Assignment — Where the line holding "Водка и сувениры китайским партнерам" appears, start copying, and continue exactly through the last line of the listing, skipping pictures.

Recorded information —
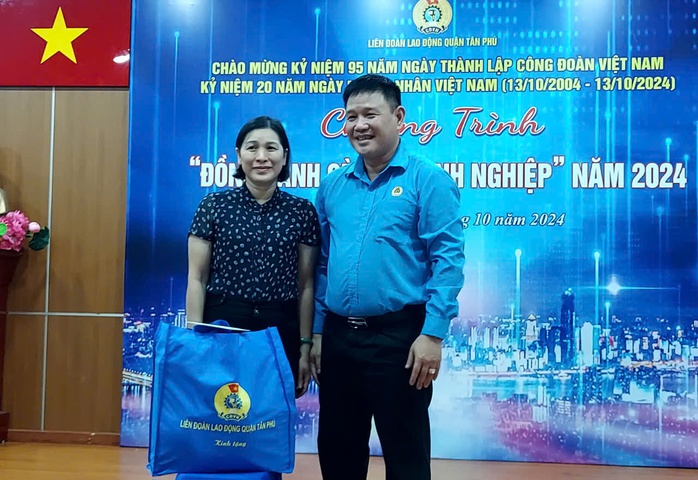 Đồng hành cùng doanh nghiệp và đoàn viên vượt khó- Ảnh 2. Đồng hành cùng doanh nghiệp và đoàn viên vượt khó- Ảnh 2.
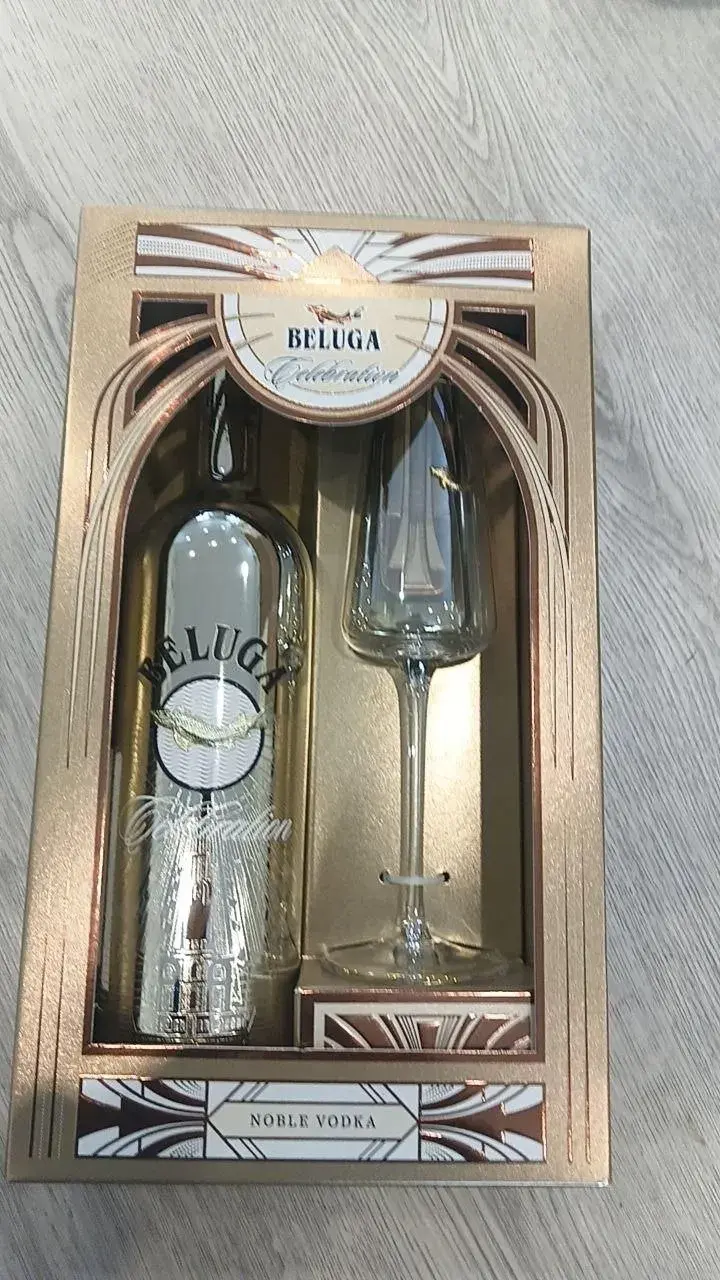 Водка и сувениры китайским партнерам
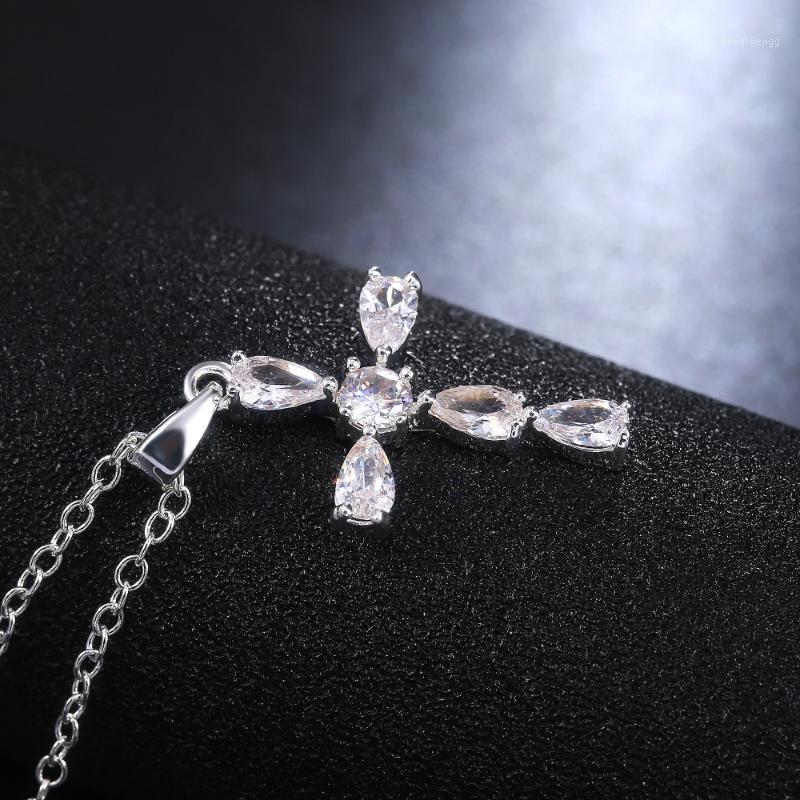 Pendant Necklaces Huitan Trendy Delicate Cross Women Necklace Silver Color Inlaid Crystal Zircon Stone Dazzling Anniversary Party Gift Fine
Pendant Necklaces Huitan Trendy Delicate Cross Women Necklace Silver Color Inlaid Crystal Zircon Stone Dazzling Anniversary Party Gift Fine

Your solution —
 Водка и сувениры китайским партнерам
 Pendant Necklaces Huitan Trendy Delicate Cross Women Necklace Silver Color Inlaid Crystal Zircon Stone Dazzling Anniversary Party Gift Fine
Pendant Necklaces Huitan Trendy Delicate Cross Women Necklace Silver Color Inlaid Crystal Zircon Stone Dazzling Anniversary Party Gift Fine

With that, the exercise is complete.